Poor patients face many barriers in receiving cancer screening and appropriate follow-up. These include: financial constraints; transportation hassles; and bias amongst healthcare staff. Patient navigators can guide patients interpret test results (e.g. possible cancer), take them through complex procedures in cancer care and help ensure they get the right tests and follow-up done at the right time. They can also ensure adequate respect and compassion for the patients.
Patient Advocates (@http://www.patientadvocate.org) are similar to patient navigators, but their role is expanded to include help with filling out complex forms, accessing healthcare and disability services, and negotiating financial issues such as medical debt. They help patients navigate the maze of health insurance throughout their care.
Patient advocates come from healthcare professions including nursing, medicine, and social work. They use their skills to help patients make the right decisions for themselves.
The most effective patient advocates are trained in low literacy and cultural communication issues.
Many hospitals run a separate Department of Medical Social Work and medical social workers are specially trained professionals who help patients access affordable care.
Most doctors tell patients to improve their lifestyle in order to remain healthy. However, no matter how well intentioned your patient maybe, we all know that its hard to lose weight, stop smoking, and start exercising. Even if your patients know what they need to do, actually incorporating these changes in their daily behaviour can be very difficult. This is where health coaches come in. A health coach is trained to help people break their health goals into manageable steps, nudge them in the right direction, track their progress, and identify and overcome personal roadblocks.

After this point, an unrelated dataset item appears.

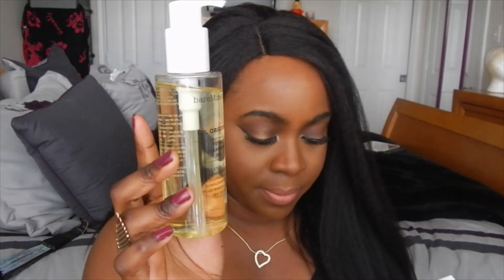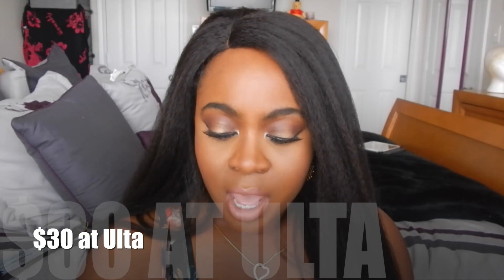It comes in this kind of bottle — six fluid ounces. I forgot the price but I'll put it on screen for you guys. It says it's a delicate blend of bilberry, borage, cucumber, and sunflower oils, plus mineral-rich sea salts.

Like traditional coaching, health coaches utilise goal setting, obstacle identification, and use of personal support systems, thus setting up an accountability partnership that is focused on helping people reach their health goals. Doctors just dont have enough time to spend with their patients going over nutrition, lifestyle and stress reduction. Health coaches can fill that gap, thus preventing their problems from becoming worse.
Learning from patients
Communication is a two-way street, and your task is not only to teach your patients, but to learn from them as well. If you keep your eyes, ears and mind open, you will find that patients have expertise that can be used and shared, if they are involved in their own treatment plan. You owe it to your patients that they feel respected and treated as people who bring practical experience to the table.
Make use of the expertise that your patients bring as learners.
Respect, involve and appreciate them.
Recognise that patients can teach health professionals.
Support organised learners groups and activities.